▸ Task to carry out
Omit all pictures, and print word for word only the lines from the one containing "Red Sun Over" through the end of the data.

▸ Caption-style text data

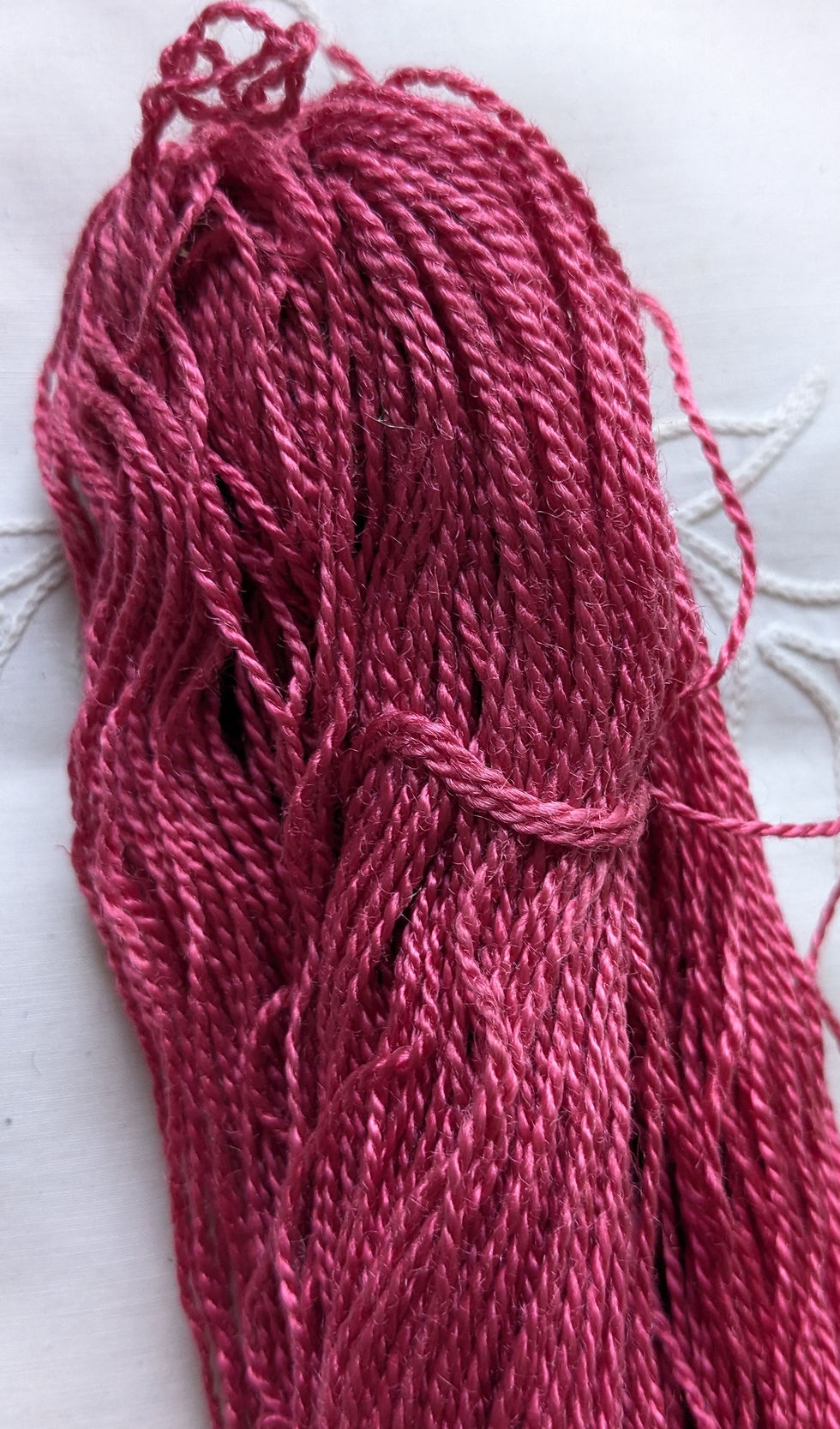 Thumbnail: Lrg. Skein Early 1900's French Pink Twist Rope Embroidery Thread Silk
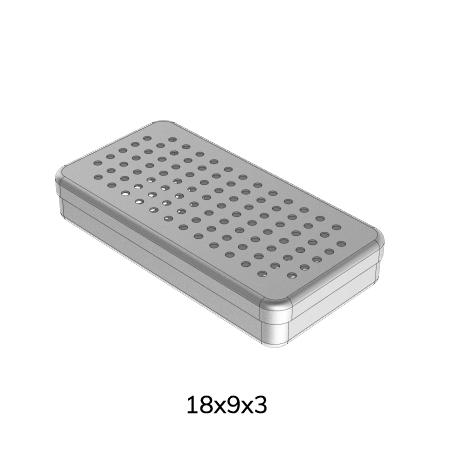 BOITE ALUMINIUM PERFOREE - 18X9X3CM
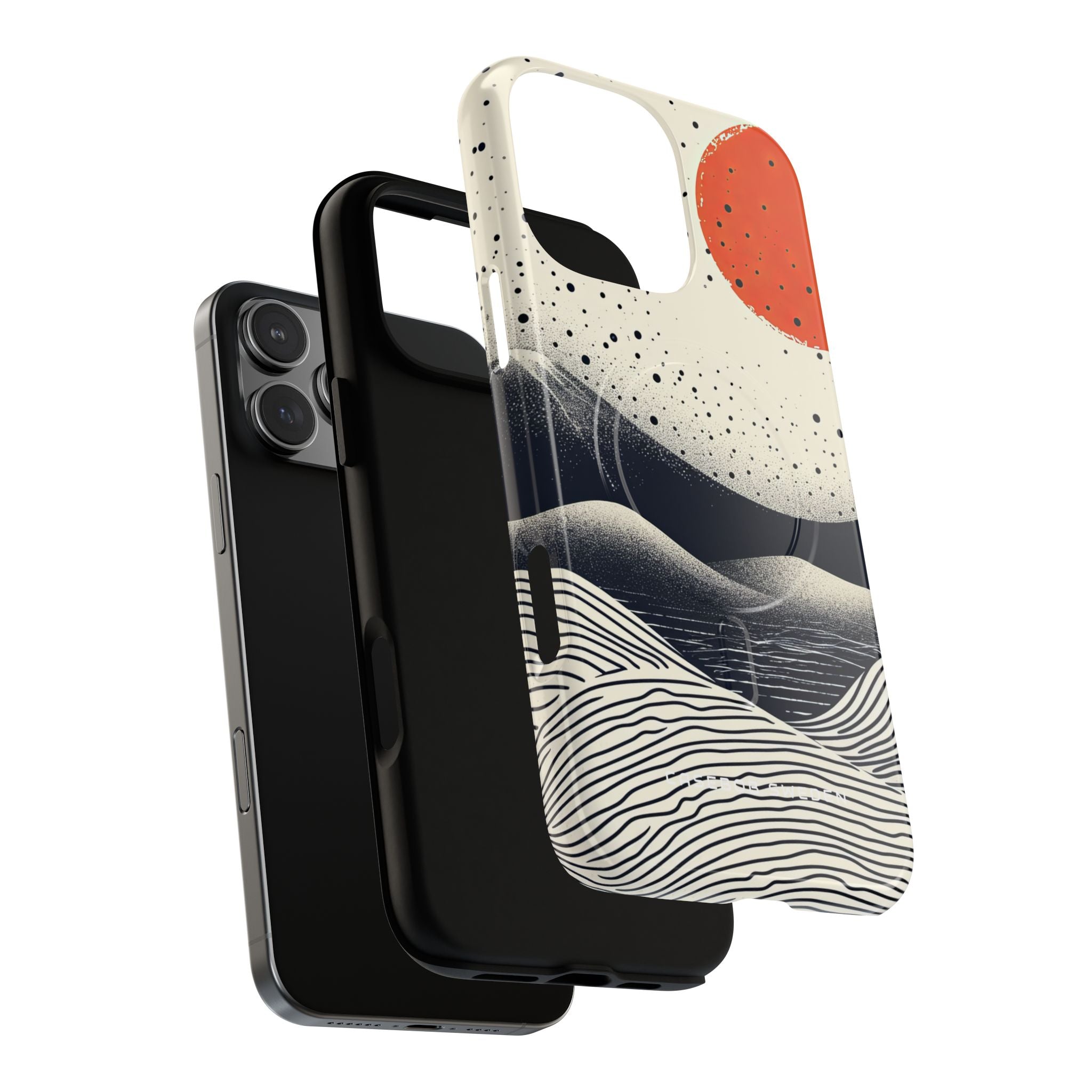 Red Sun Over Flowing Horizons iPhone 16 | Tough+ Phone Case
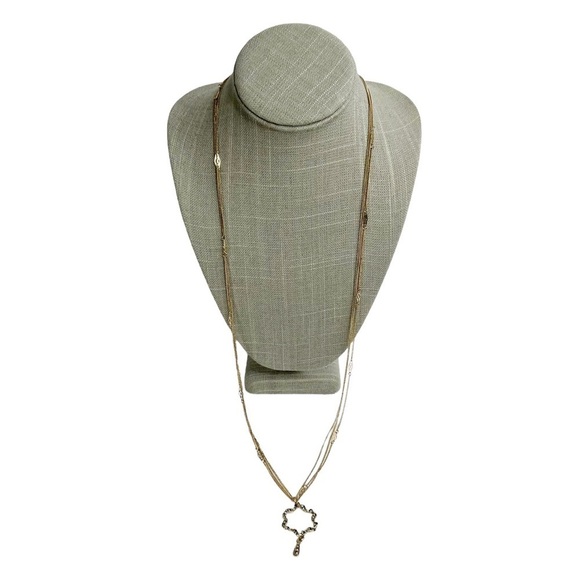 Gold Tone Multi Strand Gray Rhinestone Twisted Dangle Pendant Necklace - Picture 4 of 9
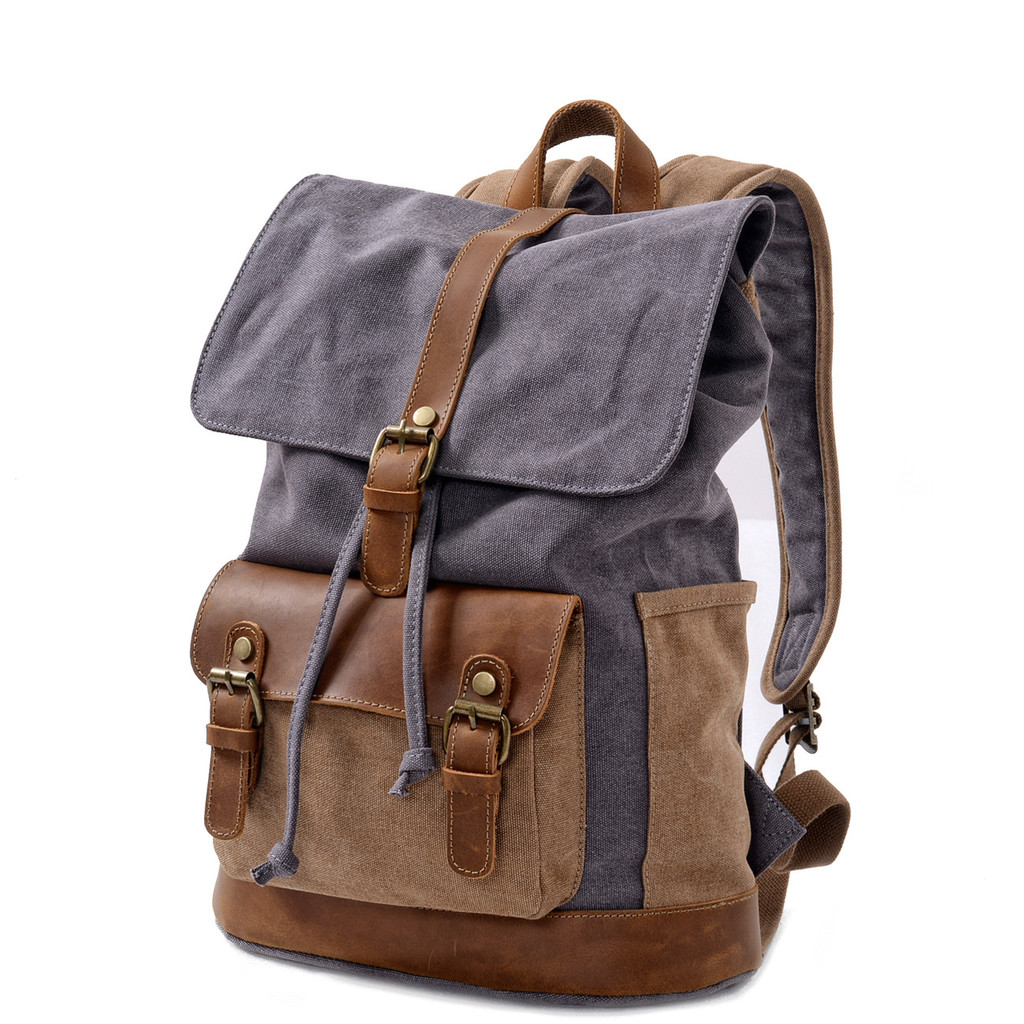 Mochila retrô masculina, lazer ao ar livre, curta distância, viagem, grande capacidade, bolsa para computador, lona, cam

▸ Completed exercise
 Red Sun Over Flowing Horizons iPhone 16 | Tough+ Phone Case
 Gold Tone Multi Strand Gray Rhinestone Twisted Dangle Pendant Necklace - Picture 4 of 9
 Mochila retrô masculina, lazer ao ar livre, curta distância, viagem, grande capacidade, bolsa para computador, lona, cam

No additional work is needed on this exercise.